Researcher ORCID Identifier
0009-0000-4105-0723
Graduation Year
2026
Date of Submission
12-2026
Document Type
Open Access Senior Thesis
Degree Name
Bachelor of Arts
Department
Environmental Analysis
Second Department
W.M. Keck Science Department
Reader 1
Branwen Williams
Reader 2
Veronica Vriesman
Terms of Use & License Information
Rights Information
© 2025 Jesse I Dong
Abstract
Increasing anthropogenic carbon flux into the oceans decreases seawater pH, alters dissolved inorganic carbon speciation, and reduces biogenic calcification. The marine calcifiers— specifically corals and coralline algae—incorporate elements from surrounding seawater into their carbonate structures, which preserve past records of ocean carbon chemistry.
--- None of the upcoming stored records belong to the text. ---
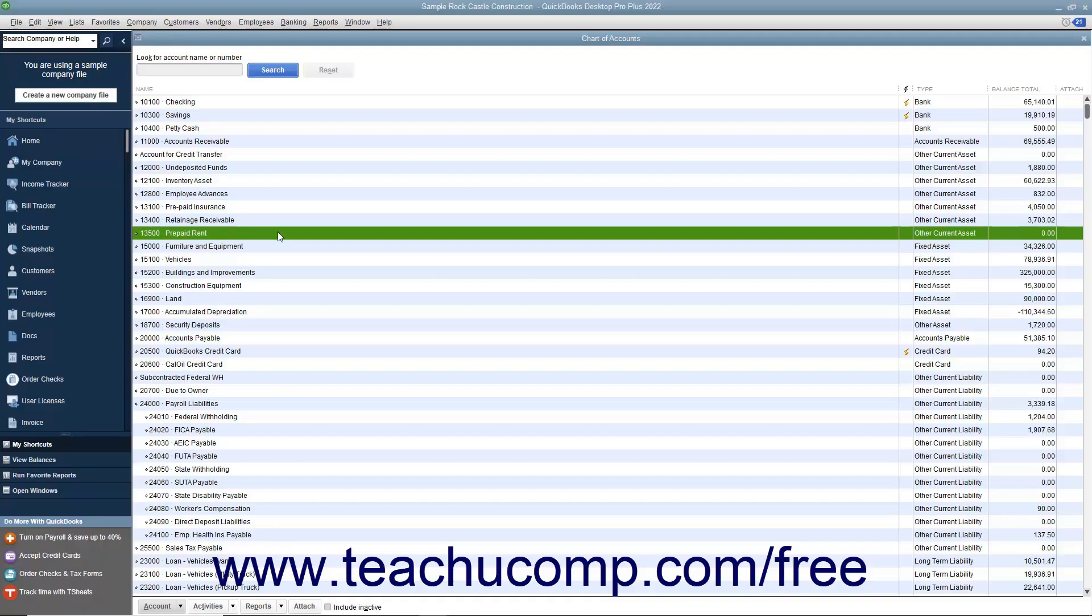The Other Current Asset account type tracks assets your company expects to use up or convert into cash in the next year. Other current assets might include short-term notes receivable or prepaid expenses. Your inventory account is an example of another current asset.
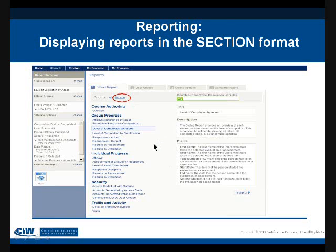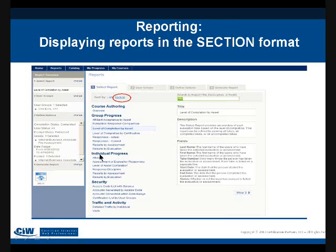Not all of these reports are going to be meaningful to CIW instructors — some are relevant to other content types used by other clients. For example, there's a report called 'level of completion by certification,' but we're not tracking certification progress in this particular system; that's handled through a separate database. So that report won't mean much to a CIW instructor. However, 'level of completion by asset' is going to be a very important report to run. When you start by section, you'll see categories like group progress — for showing information on everybody in a selected user group — and individual progress, if you need to select a specific student for a deeper analysis.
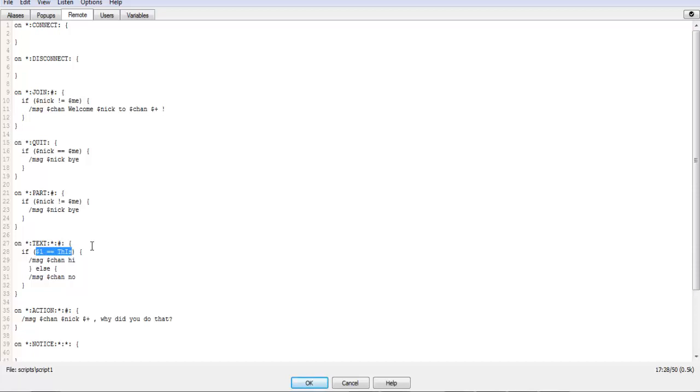But the else statement isn't supposed to go unless this statement does not equal true. So pretty much what this statement right here is doing is it's saying if the first word equals this, then do this. So if true, then do this. Otherwise, if false, do this.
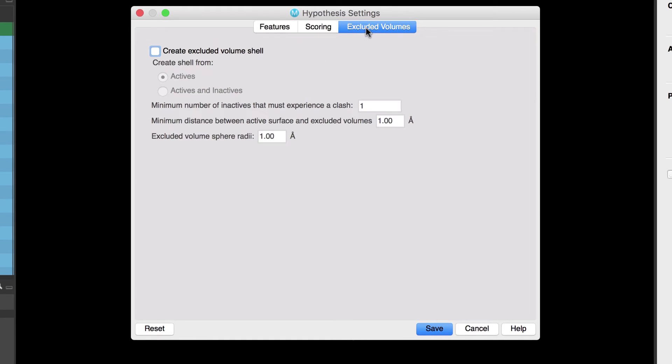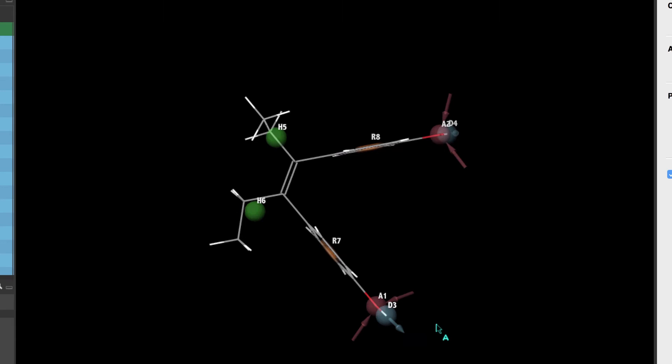In the excluded volumes tab we have the option to create an excluded volume but in this example we'll leave it unchecked. So let's click save.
In particular, boron in biogenic carbonate is a potentially valuable proxy for historical ocean pH across human timescales. Within seawater, boron primarily exists as boric acid B(OH)3 and borate ions B(OH)4 - , where higher pH favors the formation of borate ions. Borate ions preferentially incorporate the heavier ¹¹B isotope over 10B. On the other hand, if seawater pH decreases, boric acid forms, and the δ¹¹B of the borate declines. Because marine calcifiers intake borate as the source of boron in their skeletons, their δ¹¹B value reflects ambient seawater pH. However, available reconstructions do not capture the full temporal and spatial heterogeneity of seawater pH variability caused by anthropogenic activities. To address these gaps, ocean model outputs of seawater δ¹¹B can provide additional seawater pH data. Yet, there is little instrumental data to evaluate the ocean model output; comparisons between proxy reconstructions and model data are rare. Here, we use the Ocean Circulation Inverse Model with a biogeochemical component (OCIM2-BGC)—a data-assimilated transport matrix model that simulates the transient carbon cycle from 1750 to the present, assuming a climatological mean ocean circulation. Through an inverse modeling approach, seawater pH and δ¹¹B are calculated using dissolved inorganic carbon and alkalinity output from OCIM2-BGC. Comparison of OCIM-modeled δ¹¹B with published marine calcifier δ¹¹B reconstructions provides a clearer picture of historical ocean pH. By doing so, we can quantify model and reconstruction reliability to more concretely understand global ocean carbon chemistry.
Recommended Citation
Dong, Jesse I., "Analysis of δ¹¹B as a Seawater pH Proxy: Comparing Ocean Circulation Inverse Model Output with Marine Calcifier Geochemistry" (2026). CMC Senior Theses. 4248.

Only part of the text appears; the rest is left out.